When you implement an algorithm $\mathcal{A}_1(I)$, you’re writing a function that takes in some input instance $I$ and produces an output. On a computer, the input $I$ will be represented as a bit-string of some length $n$. Your computer then processes that bit-string using the set of operations built into its chip—e.g., $+, -, >, \ldots$—each of which takes some number of clock-cycles to execute. How long each of them takes and how they are implemented is determined by the microarchitecture of your computer.1
A Universal Runtime Model
These hardware-specific details make comparing the efficiency of our algorithm by measuring execution time unreliable. Instead, we abstract away from the hardware by creating a universal model. We do this by counting the runtime in terms of the number of basic operations the algorithm carries out. We assume each of these basic operations takes some constant amount of time. While the exact time might differ between machines, this difference is just a constant factor. This allows our analysis to be independent of the specific hardware.

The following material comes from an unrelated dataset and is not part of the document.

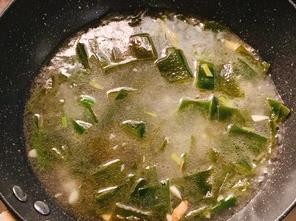 海菜豆腐汤的简单做法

Secondly, we consider its asymptotic behavior—the growth of the runtime as the length of input $I$ approaches $\infty$, i.e., $n \to \infty$. This lets us make general statements about an algorithm’s efficiency that aren’t tied to a specific input size. As you will see in later programming exercises, input lengths can grow very large very quickly, and it’s for these large inputs where runtime really starts to matter.
Caution with Intuition
However, a word of caution for solving exercises: Asymptotics are generally very hard to visually intuit about in specific cases, so don’t let this fool you. For example, an algorithm with a runtime of $1000n$ is asymptotically better than one with a runtime of $n^2$ (i.e., $1000n \in O(n^2)$). However, for any input with size $n < 1000$, the $n^2$ algorithm is actually faster! My advice to you is to stick to the formal definitions and build your intuition that way, rather than trying to plot functions in your head.
Flaws of Big-O
Lastly, while Big-O notation is often a sensible measure, it has its flaws too. Constant factors do count in practice, and the asymptotic view may not always be justified for the problem sizes you’re working with. In later weeks, you will learn about algorithms that look great in Big-O notation on paper but are not feasible to implement in practice because of these hidden constant factors.
Revision Questions
Q1: Why is measuring the runtime of a program in seconds not a reliable or universal way to compare the efficiency of two algorithms?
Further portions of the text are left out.